The rate of experimentally induced upper respiratory infection increased in healthy adults with shorter telomere length (a structure at the end of a chromosome) in specific leukocytes, according to research in JAMA. The results were identified in comparison to participants with longer telomeres.
Telomeres, DNA-protein complexes at the end regions of chromosomes, decrease in length with every cell division.

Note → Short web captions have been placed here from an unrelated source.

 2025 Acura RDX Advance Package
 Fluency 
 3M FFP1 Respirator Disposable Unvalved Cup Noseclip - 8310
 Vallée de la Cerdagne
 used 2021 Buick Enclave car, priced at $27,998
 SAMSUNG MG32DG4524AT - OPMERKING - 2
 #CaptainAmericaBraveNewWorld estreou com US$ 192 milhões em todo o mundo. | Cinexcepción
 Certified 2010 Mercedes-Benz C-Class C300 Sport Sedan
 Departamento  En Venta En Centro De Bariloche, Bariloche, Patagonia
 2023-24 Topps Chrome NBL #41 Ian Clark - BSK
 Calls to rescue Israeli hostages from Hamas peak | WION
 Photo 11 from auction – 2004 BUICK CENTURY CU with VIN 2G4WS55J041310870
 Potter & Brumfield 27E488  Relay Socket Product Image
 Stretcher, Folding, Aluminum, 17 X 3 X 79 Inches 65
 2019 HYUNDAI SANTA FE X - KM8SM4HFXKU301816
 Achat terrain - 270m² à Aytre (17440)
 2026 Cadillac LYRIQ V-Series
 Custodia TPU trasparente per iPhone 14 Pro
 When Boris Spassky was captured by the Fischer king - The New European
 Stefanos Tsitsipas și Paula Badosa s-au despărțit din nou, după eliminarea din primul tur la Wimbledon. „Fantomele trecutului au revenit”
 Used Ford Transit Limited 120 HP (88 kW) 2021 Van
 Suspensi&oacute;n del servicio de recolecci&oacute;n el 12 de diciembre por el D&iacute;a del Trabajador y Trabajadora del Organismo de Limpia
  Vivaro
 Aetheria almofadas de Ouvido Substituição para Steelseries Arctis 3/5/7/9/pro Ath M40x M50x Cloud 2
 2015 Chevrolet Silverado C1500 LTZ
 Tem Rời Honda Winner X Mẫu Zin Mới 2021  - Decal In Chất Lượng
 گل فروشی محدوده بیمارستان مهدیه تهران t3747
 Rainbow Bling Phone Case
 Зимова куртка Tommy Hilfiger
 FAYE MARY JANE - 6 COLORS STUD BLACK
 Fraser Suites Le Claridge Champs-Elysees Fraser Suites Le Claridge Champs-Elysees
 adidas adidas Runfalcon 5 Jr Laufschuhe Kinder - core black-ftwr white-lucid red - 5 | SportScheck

“Telomere shortening in leukocytes (white blood cells) has implications for immunocompetence and is associated with increased synthesis of proinflammatory cytokines and poorer antibody response to vaccines,” according to background information accompanying the article. “Shorter leukocyte telomere length also is associated with aging-related morbidity and mortality from conditions with immune system involvement, including infectious diseases, cancer, and cardiovascular disease.”
Investigators assessed telomere length in 152 healthy adults, then quarantined participants to administer nasal drops containing a common cold virus; participants were then monitored for 5 days for development of infection and clinical illness.
Among all patients, 69% developed respiratory infections and 22% developed a cold. An association was seen between those with shorter telomere lengths in all 4 cell types and increased odds of infection following exposure to the virus.
Those with the shortest CD8CD28 telomere length had a rate of infection of 77%, compared to 50% for those in the group with the longest telomeres. Among participants with the shortest telomeres, 26% became clinically ill. The rate for clinical illness was 13% for those in the group with the longest telomeres.
“In this study of healthy young and midlife adults, shorter CD8CD28 cell telomere length was associated with upper respiratory tract infection and clinical illness following experimental exposure to rhinovirus,” the authors concluded. “Because these data are preliminary, their clinical implications are unknown.”